Levosimendan inhibits LPS‐induced microglial activation in vitro, suggesting potential direct anti‐neuroinflammatory action.[ 85 ] However, radiotracer evidence demonstrates BBB impermeability to levosimendan, precluding direct central activity after systemic delivery.[ 86 ] Plaschke et al. demonstrated that intravenous levosimendan administered 24 h post‐LPS fails to attenuate neuroinflammation, consistent with its BBB impermeability.[ 87 ] In contrast, our early intervention (5 min post‐LPS) alleviated neuroinflammation, revealing an early‐phase therapeutic window for glymphatic function rescue, with efficacy further validated by digoxin administration at 1 h post‐LPS induction. Disruption of the glymphatic system peaked at 24 h post‐LPS injection, by which time the system may have already undergone irreversible pathological changes. Moreover, using TGN‐020 as a pharmacological tool, we demonstrated that levosimendan suppresses LPS‐induced neuroinflammation by improving glymphatic system function. Neuroinflammation is a core pathological process in SAE, interacting with multiple pathological processes to form a vicious cycle that amplifies the damage to the nervous system.[ 6 , 88 ] Our results indicate that glymphatic dysfunction precedes neuroinflammation, acting as an upstream event. Additionally, the observed attenuation of neurobehavioral disorders provides substantial evidence supporting the therapeutic potential of levosimendan in SAE. However, the feedback effects of neuroinflammation on the glymphatic system remain unclear. Reactive gliosis following acute brain injury exhibits dual‐phase immunomodulation: during the acute phase, pro‐inflammatory astrocytes and microglia exacerbate neuroinflammation and compromise BBB integrity through cytokine/chemokine release, while anti‐inflammatory counterparts secrete neurotrophic factors to maintain metabolic homeostasis. In chronic stages, glial scar formation contains inflammatory spread, though simultaneously impedes axonal regeneration and synaptic remodeling.[ 65 , 89 ] Genetic ablation of AQP4 suppresses astrocyte activation.[ 90 ] Meanwhile, reactive astrocytes exhibit disease‐stage‐dependent reprogramming of AQP4 expression profiles.[ 91 ] Considering the pivotal role of AQP4 in glymphatic function, the regulation of astrogliosis‐mediated dynamic neuroinflammatory on glymphatic function warrants further investigation.

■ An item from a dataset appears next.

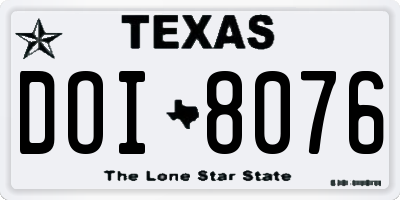 TX license plate DOI8076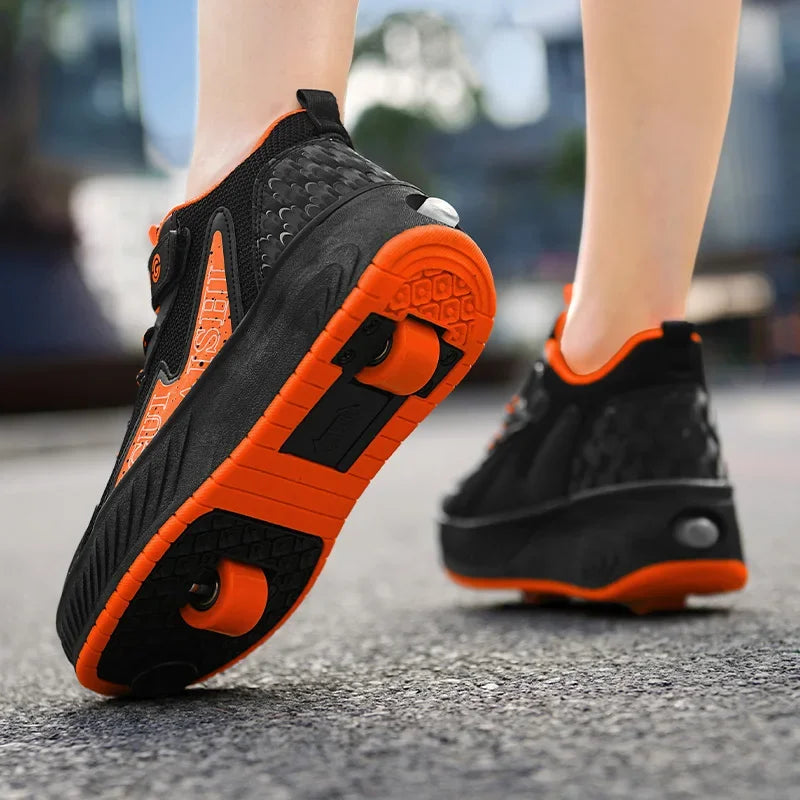 LED-lys to-hjuls rulleskøytesko for barn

Most molecules are strictly restricted from crossing the BBB due to tight junctions and the extremely low levels of transcytosis in cerebrovascular endothelial cells.[ 92 ] This implies that the efficiency of substance transport across the BBB is likely to be lower than that of the glymphatic system. Additionally, it should be noted that the development of SAE does not depend on the dysfunction of the BBB. In some patients with SAE, the BBB does not exhibit significant damage.[ 93 ] The dose of LPS used in our study did not significantly increase BBB permeability, a finding confirmed in both our current and previous studies.[ 88 ] Nevertheless, at this dose, LPS has already induced dysfunction of the glymphatic system. Based on these findings, we propose that alterations in glymphatic function may play a more extensive role in the development of SAE than previously appreciated.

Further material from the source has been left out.